Which reminds me - do you use buildbot ? I think you are sending automated
e-mail on failures. It would help me a lot if someone had automated bisect
and the ability to e-mail results using buildbot to get me started.

>>> In terms of discussion topics some of the issues I'm seeing are:
>
>>>   - Can we pool resources to share the workload of running things and
>>>     interpreting results, ideally also providing some central way for
>>>     people to discover what results are out there for them to look at
>>>     for a given kernel in the different systems?
>
>> That might be quite useful. However, I have seen that it doesn't really
>> help to just provide the test results. kissb test results have been
>> available for ages, and people just don't look at it. Even the regular
>> "Build regression" e-mails sent out by Geert seem to be widely ignored.
>
>> What I really found to help is to bisect new problems and send an e-mail
>> to the responsible maintainer and to the submitter of the patch which
>> introduced it. I'd like to automate that with my test system, but
>> unfortunately I just don't have the time to do it.
>
> Yes, that's the "and interpreting" bit in the above - this only really
> works with people actively pushing.  You do start to get people checking
> themselves once things are perceived as something people care about but
> it does take active work to establish and maintain that.
>
> It also really helps if things are delivered promptly, and against trees
> people are actively developing for.  But even with clear reports and
> sometimes patches not everyone shows an interest.  As we get more and
> more actual testing running that's going to start to become more
> serious, breaking the build or boot will also mean that automated tests
> don't get to run.
>
Yes, I have seen that too. Especially 4.1 was pretty bad in this regard.
4.2 seems to be a bit better, though, so I hope that 4.1 was an exception.

Not really sure what to do about it. What turned out to help in the last
two companies I worked for was automatic revert of broken patches. That
sounds radical and I dislike it myself, but it helped.

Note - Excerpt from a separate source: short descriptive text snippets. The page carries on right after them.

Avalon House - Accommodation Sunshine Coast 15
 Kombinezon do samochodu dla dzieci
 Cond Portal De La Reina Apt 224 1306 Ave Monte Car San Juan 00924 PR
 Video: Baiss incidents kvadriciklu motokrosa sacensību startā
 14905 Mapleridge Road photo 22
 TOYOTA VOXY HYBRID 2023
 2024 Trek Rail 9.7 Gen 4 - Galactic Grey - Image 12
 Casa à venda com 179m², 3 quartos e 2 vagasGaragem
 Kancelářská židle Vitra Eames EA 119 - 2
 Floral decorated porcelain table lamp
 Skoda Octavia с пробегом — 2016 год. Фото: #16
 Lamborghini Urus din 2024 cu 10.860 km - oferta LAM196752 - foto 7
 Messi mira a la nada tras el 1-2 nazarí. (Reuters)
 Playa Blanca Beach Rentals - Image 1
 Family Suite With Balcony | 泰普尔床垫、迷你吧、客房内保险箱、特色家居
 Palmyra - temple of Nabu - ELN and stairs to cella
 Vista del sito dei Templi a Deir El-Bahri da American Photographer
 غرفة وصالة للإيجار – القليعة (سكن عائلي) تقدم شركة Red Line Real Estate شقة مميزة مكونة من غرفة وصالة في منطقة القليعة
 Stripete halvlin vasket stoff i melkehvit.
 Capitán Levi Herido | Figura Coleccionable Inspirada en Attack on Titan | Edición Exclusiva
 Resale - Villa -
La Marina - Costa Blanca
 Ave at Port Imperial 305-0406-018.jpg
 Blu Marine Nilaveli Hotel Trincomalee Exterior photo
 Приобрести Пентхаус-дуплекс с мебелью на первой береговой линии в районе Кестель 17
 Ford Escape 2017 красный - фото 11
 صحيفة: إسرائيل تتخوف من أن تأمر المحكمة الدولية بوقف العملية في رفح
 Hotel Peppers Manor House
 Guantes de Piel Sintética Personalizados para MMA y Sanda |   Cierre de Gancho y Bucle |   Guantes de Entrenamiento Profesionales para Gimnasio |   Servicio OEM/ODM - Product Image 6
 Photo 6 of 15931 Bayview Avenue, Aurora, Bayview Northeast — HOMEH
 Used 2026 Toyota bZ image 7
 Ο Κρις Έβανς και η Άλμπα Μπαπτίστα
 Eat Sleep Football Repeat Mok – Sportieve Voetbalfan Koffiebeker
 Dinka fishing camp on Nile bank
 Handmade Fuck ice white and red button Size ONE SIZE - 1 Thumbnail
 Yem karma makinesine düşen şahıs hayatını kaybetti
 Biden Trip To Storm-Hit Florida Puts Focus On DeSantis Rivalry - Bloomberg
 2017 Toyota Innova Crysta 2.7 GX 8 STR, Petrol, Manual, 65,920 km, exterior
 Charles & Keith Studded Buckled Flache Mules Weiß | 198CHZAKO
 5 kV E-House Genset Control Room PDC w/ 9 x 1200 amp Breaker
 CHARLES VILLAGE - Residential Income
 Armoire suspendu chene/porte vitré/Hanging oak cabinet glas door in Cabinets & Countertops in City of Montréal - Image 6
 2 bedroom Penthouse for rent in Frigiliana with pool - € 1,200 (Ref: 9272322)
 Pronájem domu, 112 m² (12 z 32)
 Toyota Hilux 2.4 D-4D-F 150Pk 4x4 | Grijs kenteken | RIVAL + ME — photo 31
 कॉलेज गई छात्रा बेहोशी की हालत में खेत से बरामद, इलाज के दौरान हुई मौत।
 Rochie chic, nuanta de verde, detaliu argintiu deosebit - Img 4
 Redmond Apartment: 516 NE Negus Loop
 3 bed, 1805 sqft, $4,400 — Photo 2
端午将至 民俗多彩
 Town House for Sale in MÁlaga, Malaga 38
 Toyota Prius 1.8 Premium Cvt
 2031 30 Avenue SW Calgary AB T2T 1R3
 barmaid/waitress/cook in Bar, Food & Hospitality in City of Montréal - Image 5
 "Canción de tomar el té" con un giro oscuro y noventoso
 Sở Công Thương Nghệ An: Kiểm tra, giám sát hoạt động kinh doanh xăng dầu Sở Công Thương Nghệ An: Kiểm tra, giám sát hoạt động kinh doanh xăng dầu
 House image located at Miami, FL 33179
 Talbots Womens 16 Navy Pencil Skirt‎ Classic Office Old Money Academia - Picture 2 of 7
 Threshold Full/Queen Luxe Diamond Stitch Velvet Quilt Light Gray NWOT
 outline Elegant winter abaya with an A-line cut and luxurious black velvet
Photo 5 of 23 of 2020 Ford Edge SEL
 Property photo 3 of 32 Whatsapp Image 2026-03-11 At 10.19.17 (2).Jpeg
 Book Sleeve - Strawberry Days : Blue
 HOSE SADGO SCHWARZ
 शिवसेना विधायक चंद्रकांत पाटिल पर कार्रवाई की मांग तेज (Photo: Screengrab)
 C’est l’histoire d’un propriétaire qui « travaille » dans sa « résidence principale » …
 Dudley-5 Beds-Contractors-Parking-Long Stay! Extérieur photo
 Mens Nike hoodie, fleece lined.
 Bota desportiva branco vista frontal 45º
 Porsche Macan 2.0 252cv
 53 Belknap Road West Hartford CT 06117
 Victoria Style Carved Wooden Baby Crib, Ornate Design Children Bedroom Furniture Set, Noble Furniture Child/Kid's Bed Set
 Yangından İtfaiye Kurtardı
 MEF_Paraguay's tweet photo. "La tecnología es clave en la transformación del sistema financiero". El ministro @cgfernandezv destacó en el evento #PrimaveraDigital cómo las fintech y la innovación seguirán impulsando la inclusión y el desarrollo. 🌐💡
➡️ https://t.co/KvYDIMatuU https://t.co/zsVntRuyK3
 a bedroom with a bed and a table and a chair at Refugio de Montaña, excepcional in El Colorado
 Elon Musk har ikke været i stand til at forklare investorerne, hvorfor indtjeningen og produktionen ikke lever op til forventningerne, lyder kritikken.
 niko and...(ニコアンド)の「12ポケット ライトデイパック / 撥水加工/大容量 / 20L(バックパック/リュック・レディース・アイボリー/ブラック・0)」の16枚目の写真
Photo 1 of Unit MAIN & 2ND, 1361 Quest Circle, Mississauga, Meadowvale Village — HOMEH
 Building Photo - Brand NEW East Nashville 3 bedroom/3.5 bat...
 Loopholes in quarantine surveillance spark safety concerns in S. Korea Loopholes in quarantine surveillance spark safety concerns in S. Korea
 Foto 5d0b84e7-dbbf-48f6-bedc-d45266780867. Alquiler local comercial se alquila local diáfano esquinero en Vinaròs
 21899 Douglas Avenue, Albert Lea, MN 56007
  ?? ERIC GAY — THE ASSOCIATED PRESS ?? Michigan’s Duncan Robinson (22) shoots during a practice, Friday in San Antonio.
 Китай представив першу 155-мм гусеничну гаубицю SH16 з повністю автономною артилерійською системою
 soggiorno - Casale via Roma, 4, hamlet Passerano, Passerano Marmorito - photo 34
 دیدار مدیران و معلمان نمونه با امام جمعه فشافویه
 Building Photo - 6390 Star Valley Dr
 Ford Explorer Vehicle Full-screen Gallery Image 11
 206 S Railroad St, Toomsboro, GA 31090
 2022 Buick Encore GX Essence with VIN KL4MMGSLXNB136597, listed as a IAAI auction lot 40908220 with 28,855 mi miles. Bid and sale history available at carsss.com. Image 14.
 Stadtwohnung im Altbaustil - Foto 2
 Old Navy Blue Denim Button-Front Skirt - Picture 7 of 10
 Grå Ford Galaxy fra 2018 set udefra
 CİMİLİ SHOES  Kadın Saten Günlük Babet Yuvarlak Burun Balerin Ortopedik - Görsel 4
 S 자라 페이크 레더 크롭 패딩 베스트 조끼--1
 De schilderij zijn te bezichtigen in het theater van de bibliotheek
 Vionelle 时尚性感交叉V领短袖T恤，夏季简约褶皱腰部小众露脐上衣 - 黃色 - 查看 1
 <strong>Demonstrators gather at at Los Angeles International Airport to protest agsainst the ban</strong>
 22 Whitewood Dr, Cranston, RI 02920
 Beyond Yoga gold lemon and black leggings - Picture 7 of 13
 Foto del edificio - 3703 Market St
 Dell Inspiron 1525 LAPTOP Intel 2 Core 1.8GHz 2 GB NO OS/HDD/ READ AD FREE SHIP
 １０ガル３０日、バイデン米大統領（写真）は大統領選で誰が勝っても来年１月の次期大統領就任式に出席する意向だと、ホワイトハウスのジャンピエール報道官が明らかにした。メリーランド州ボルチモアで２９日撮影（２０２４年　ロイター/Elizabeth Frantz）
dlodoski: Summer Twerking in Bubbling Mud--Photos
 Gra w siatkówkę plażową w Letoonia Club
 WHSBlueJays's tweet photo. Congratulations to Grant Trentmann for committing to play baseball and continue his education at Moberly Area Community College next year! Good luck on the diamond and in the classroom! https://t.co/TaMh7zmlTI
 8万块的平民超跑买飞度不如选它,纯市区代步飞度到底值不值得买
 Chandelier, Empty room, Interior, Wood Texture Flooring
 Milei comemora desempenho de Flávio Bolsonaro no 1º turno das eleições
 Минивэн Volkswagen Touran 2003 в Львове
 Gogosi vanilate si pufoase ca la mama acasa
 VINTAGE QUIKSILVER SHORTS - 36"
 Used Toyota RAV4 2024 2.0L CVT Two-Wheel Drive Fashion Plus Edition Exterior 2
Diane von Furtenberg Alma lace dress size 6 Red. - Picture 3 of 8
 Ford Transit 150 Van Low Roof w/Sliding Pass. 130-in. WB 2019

> This is one of the things 0day gets really right, when it kicks in it'll
> e-mail people directly and promptly.
>
Agreed.

>>>   - Should we start carrying config fragments upstream designed to
>>>     support testing, things like the distro config fragments that keep
>>>     getting discussed are one example here but there's other things like
>>>     collections of debug options we could be looking at.  Should we be
>>>     more generally slimming defconfigs and moving things into fragments?
>
>>> and there's always the the perennial ones about what people would like
>>> to see testing for.
>
>> Sharing as many test bot configuration scripts and relevant configurations
>> as possible would be quite helpful. For example, I am building various
>> configurations for all architectures, but I don't really know if they
>> are relevant. Also, I would like to run more qemu configurations,
>> but it is really hard to find working ones.
>
> Grant (just CCed) was working intermittently on the qemu bit.  I think
> the last plan was to enhance the scripts Kevin has for driving his build
> farm.
>
Also of interest here (at least for me) would be to explore means to get
more hardware (both architectures and platforms) supported in qemu, but
I guess that may be a bit off topic.